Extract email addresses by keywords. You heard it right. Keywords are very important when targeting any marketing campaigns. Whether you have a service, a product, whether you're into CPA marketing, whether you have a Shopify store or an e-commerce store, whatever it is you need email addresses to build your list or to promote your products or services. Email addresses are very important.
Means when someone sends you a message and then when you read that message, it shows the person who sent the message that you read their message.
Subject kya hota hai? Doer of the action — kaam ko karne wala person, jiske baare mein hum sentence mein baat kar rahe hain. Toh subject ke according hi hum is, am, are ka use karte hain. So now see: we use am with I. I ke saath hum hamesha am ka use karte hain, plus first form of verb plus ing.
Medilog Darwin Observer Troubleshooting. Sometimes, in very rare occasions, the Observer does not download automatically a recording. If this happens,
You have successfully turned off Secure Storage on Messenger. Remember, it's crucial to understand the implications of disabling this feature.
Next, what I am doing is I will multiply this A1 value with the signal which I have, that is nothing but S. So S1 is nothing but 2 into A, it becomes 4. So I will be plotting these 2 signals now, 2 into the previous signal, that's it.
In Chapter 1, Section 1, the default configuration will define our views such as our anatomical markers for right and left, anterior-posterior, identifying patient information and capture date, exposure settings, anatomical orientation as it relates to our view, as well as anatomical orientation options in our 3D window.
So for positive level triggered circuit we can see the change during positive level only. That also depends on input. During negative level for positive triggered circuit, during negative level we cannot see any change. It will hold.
=======
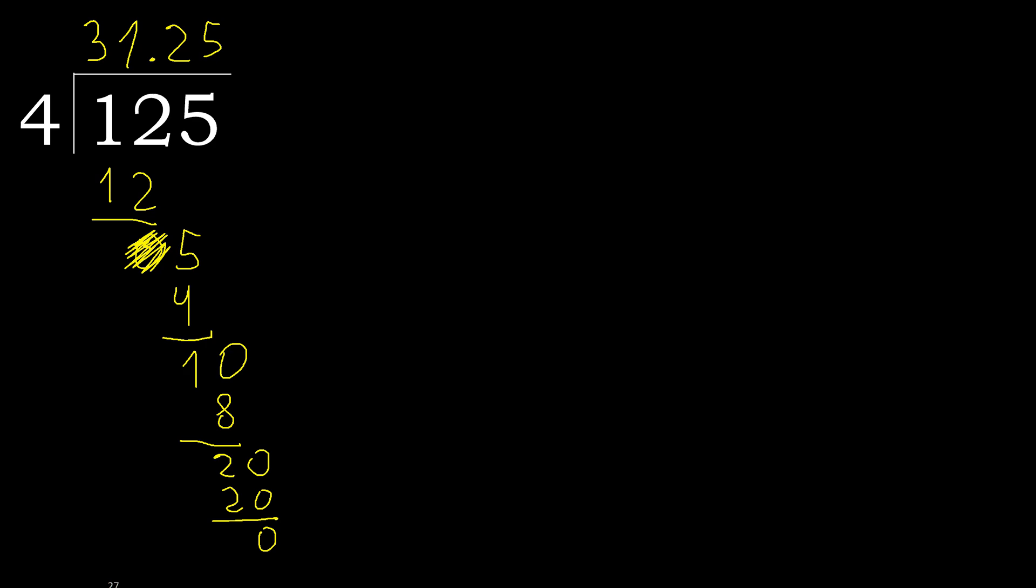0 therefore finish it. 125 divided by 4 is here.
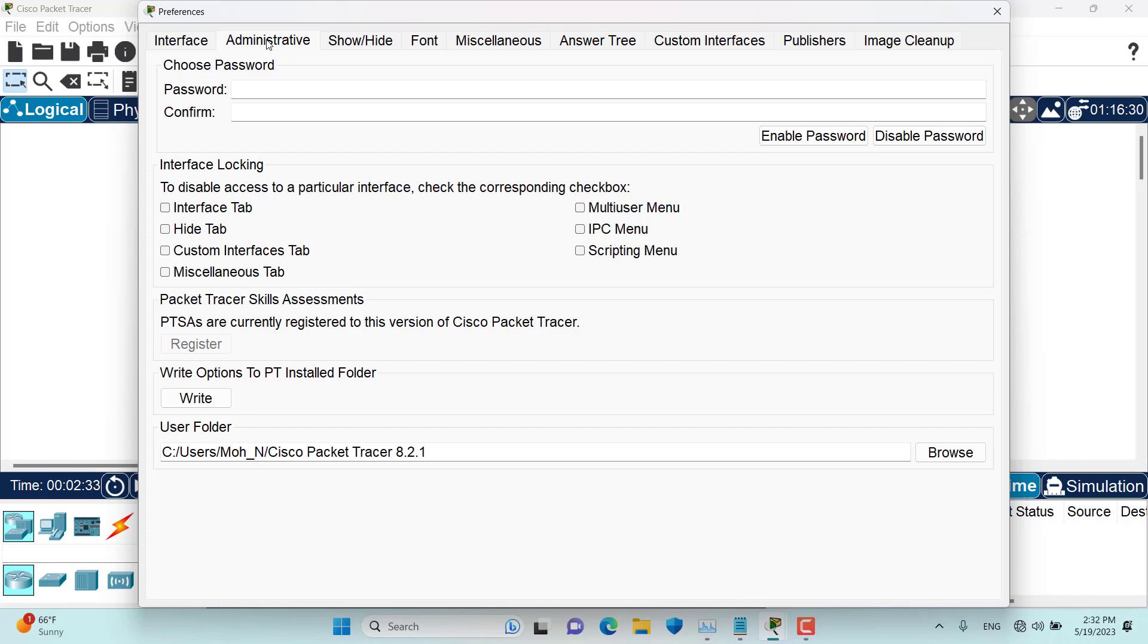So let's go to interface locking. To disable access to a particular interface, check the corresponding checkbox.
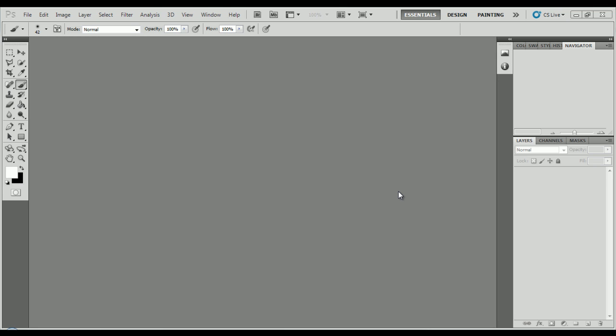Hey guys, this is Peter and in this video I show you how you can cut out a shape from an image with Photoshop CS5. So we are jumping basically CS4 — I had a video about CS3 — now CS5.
=======
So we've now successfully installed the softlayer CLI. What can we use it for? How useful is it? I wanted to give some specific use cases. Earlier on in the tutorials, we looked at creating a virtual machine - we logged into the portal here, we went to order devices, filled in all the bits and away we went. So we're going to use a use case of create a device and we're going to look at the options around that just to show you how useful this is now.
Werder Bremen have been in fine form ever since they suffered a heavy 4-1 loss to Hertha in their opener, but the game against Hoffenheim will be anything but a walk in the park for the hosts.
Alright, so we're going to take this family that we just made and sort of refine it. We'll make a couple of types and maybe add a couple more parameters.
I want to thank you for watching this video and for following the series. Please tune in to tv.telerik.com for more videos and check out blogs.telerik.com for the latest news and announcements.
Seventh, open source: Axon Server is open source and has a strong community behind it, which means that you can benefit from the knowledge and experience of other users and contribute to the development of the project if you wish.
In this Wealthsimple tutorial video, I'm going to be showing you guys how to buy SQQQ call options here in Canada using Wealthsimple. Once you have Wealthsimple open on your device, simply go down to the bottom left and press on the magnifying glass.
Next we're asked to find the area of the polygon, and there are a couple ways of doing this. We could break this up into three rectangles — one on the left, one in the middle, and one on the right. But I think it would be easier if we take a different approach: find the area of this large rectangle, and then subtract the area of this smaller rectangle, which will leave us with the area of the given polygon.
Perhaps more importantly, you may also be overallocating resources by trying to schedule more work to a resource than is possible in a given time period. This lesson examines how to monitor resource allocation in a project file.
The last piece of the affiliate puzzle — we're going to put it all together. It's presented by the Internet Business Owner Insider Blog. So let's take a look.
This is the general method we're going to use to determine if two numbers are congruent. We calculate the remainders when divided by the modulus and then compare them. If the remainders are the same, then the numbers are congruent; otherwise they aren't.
=======
• _TASK GOAL_
What is needed is a verbatim copy of every line in the records above from the one containing "Means when someone" down to the one containing "Subject kya hota", both included, and nothing more.

• _WRITTEN ANSWER_
Means when someone sends you a message and then when you read that message, it shows the person who sent the message that you read their message.
Subject kya hota hai? Doer of the action — kaam ko karne wala person, jiske baare mein hum sentence mein baat kar rahe hain. Toh subject ke according hi hum is, am, are ka use karte hain. So now see: we use am with I. I ke saath hum hamesha am ka use karte hain, plus first form of verb plus ing.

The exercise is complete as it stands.